Even on Linux or macOS you are not protected for hackers. Linux / IoT malware is on the rise, and you can also run other apps on macOS that do not come from the App Store.

Only install programmes and apps from trustworthy sources. An official app marketplace or high costs are no guarantee of freedom from malware. The store sells malware to the user without the manufacturer being aware of it.

Ideally, you should use popular open source software that has been checked by many eyes for security. Other companies publish open source software and also offer a maintenance contract with patching, which ideally works.

#5 Use new software securely

If you need a new programme, only download the files from the known download platforms. Prefer the version in an official repo or App Store and do not use forks etc.

#6 Mails

Scrutinise every email attachment – no matter from whom. An Excel macro, an encrypted zip or a jar file can infect your computer faster than you think.

#7 Last resort

Back up all your data at regular intervals, e.g. every Friday.

Remove the cable of the backup hard drive from your computer after the backup, otherwise you have also “backed up” the virus on the backup hard drive.

Antivirus for advanced users – sandboxing

A sandbox is an isolated operating system in a virtual machine. The file storage and main memory are separated so that the malware only destroys the virtual machine and not the host machine.

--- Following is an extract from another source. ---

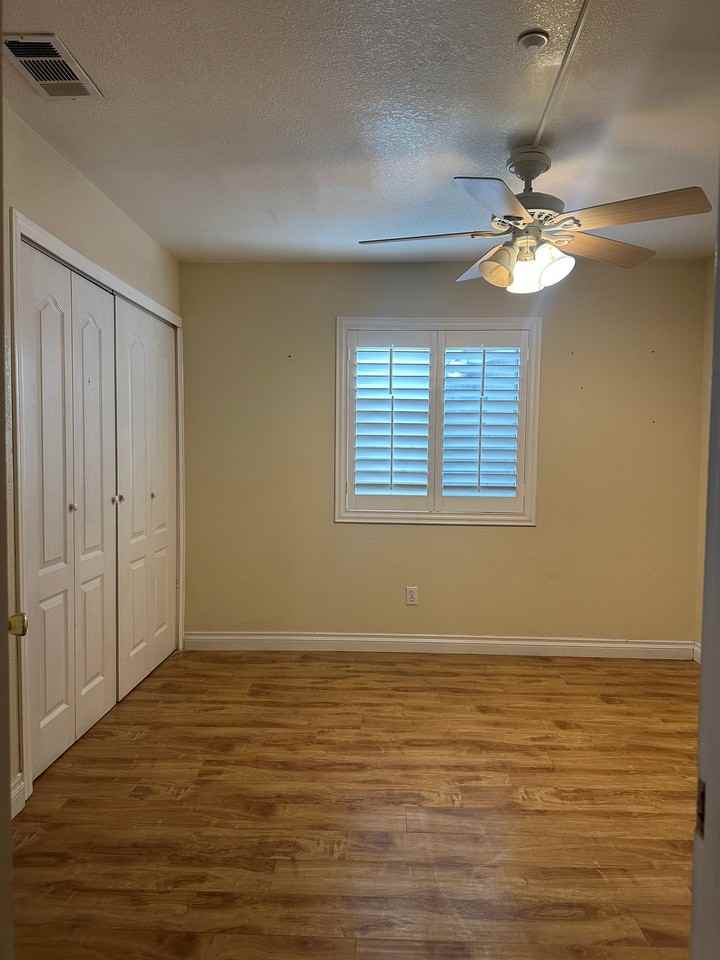 15576 Caravelle Ave - Photo 2 of 8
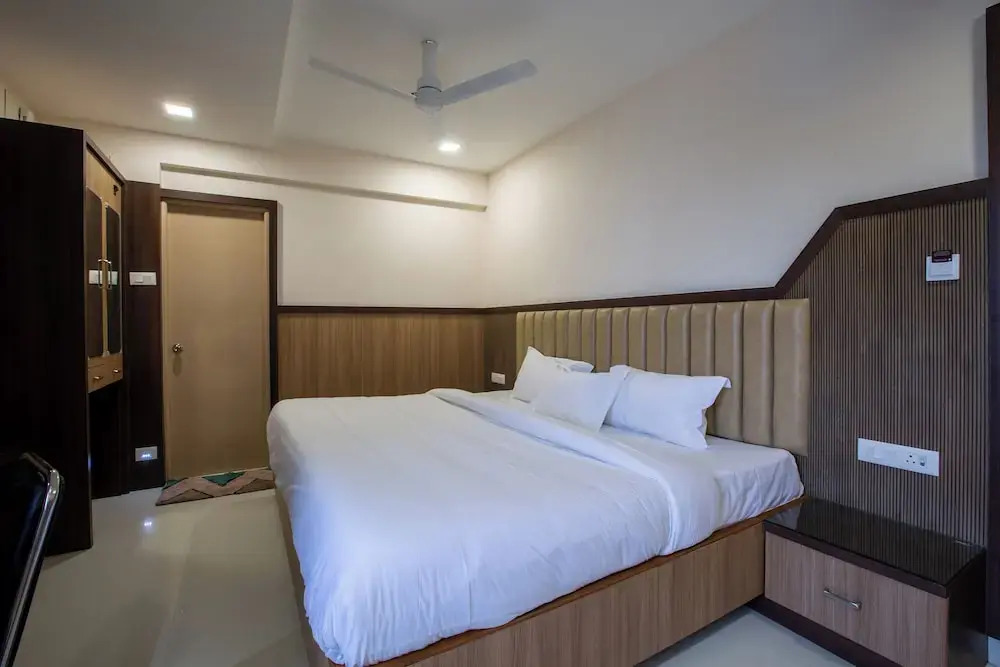 Эроде: Hotel Prm Aruna Archadia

You can open and test untrusted software in a sandbox. The sandbox checks and monitors the behaviour of the malware. You can safely open attachments in a sandbox.

Modern antivirus programmes use sandboxing to filter malicious email attachments before the mail can load in the email inbox. The software runs the application in the virtual machine or opens the document. The program then waits and logs the behaviour of the program.

In the event of unusual and unwanted activities, the analyst can classify the new programme as malware. “Strange” activities are, for example …

  • Changes to the Windows registry
  • Calls from remote IPs directly after startup
  • Changes to system files
  • Encryption algorithms
  • Changes to the settings (in general)
  • File operations

… the antivirus rates as dangerous or harmless. The more activities are strange, the more likely the antivirus is to classify the software as malware.

You can find out more about sandboxing in this explanation

Nice to know:

Recruiters receive emails with attachments from many strangers. In order for them to view the application documents, they have to open the attachments. Not every applicant is an applicant, but a criminal who causes damage.